◆ **Task to complete**: All of the entries are to be printed exactly as they appear.

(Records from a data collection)
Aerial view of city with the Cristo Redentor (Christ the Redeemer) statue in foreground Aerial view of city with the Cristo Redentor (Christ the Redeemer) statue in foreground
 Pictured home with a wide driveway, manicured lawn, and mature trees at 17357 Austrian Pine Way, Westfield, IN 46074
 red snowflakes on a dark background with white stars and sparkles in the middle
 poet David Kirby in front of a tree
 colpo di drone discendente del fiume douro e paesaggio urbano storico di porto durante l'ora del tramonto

◆ **Task result**:
Aerial view of city with the Cristo Redentor (Christ the Redeemer) statue in foreground Aerial view of city with the Cristo Redentor (Christ the Redeemer) statue in foreground
 Pictured home with a wide driveway, manicured lawn, and mature trees at 17357 Austrian Pine Way, Westfield, IN 46074
 red snowflakes on a dark background with white stars and sparkles in the middle
 poet David Kirby in front of a tree
 colpo di drone discendente del fiume douro e paesaggio urbano storico di porto durante l'ora del tramonto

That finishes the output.